* _Records shown_:
··········

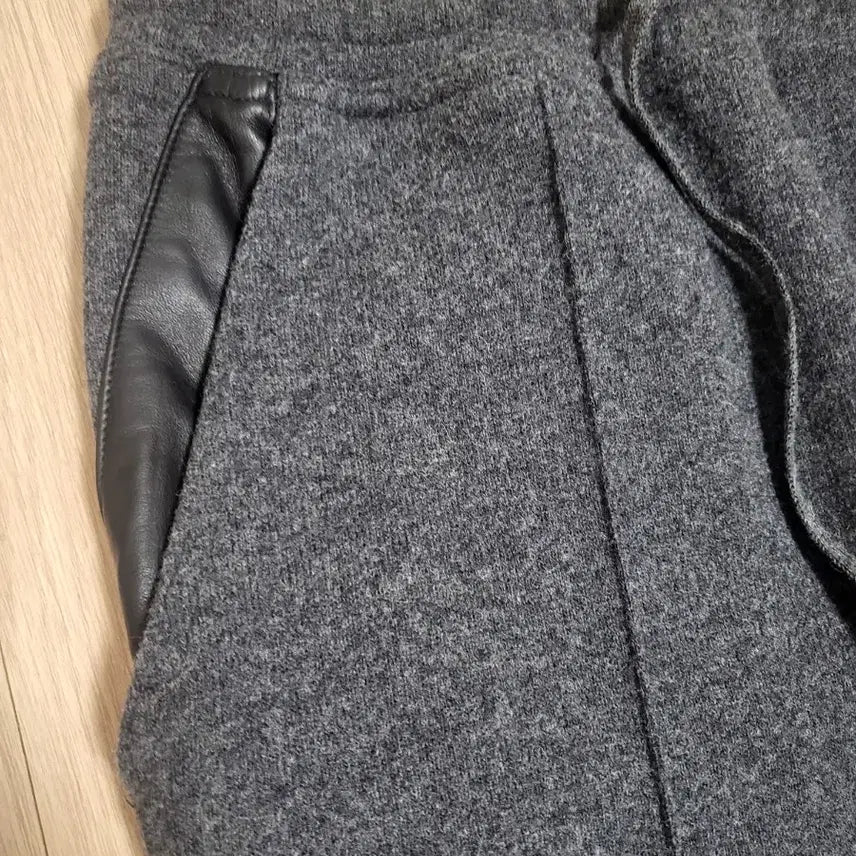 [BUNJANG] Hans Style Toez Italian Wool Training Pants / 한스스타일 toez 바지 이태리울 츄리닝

··········

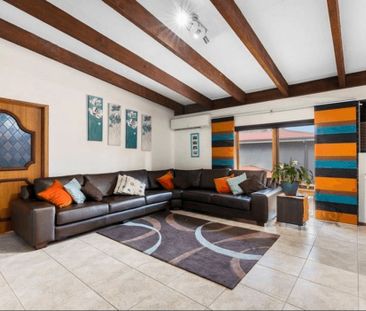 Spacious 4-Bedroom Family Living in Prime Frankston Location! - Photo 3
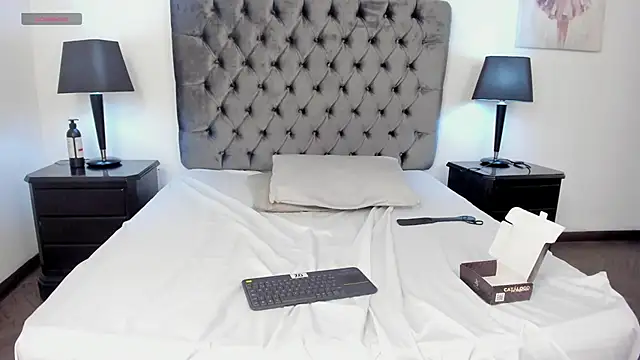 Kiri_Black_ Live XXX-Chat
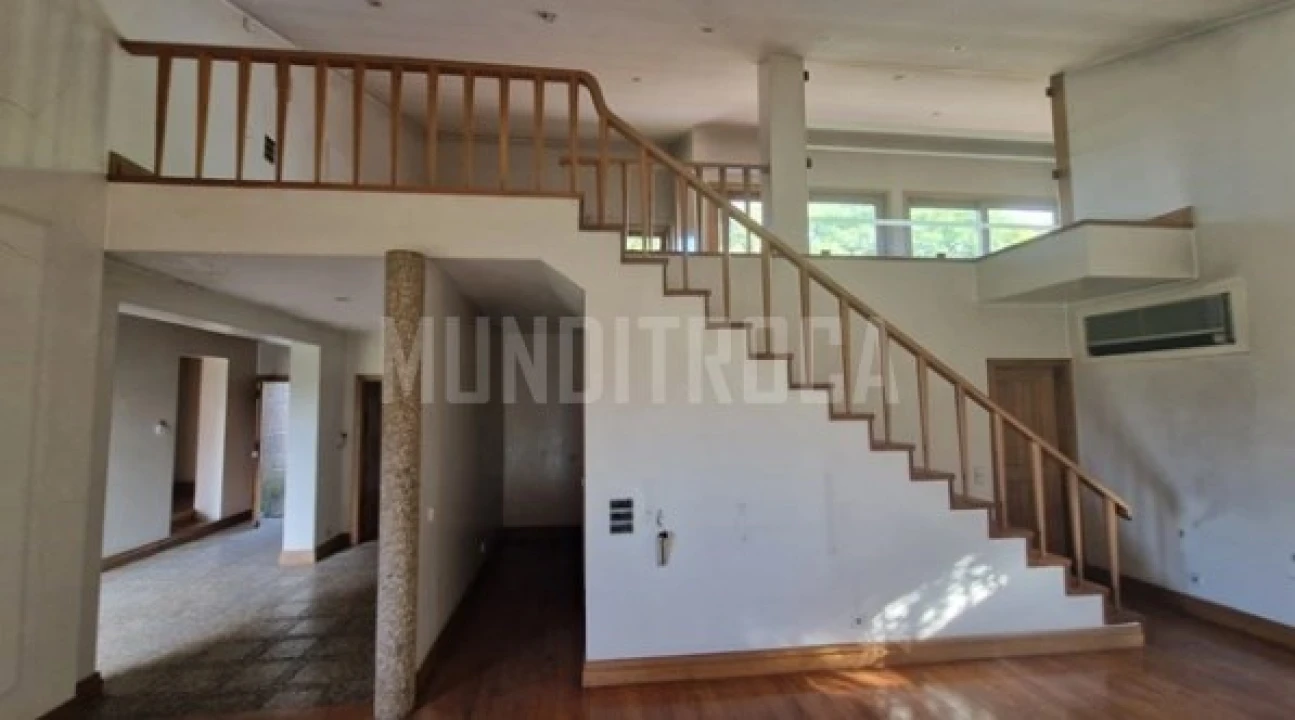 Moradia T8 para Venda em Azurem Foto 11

··········

* _About this task_: A verbatim reproduction is expected: starting at the line above that has "Spacious 4-Bedroom Family", ending at the line that has "Moradia T8 para Venda em Azurem Foto 11", both included, and with no pictures and no other lines.

* _Exercise result_:
 Spacious 4-Bedroom Family Living in Prime Frankston Location! - Photo 3
 Kiri_Black_ Live XXX-Chat
 Moradia T8 para Venda em Azurem Foto 11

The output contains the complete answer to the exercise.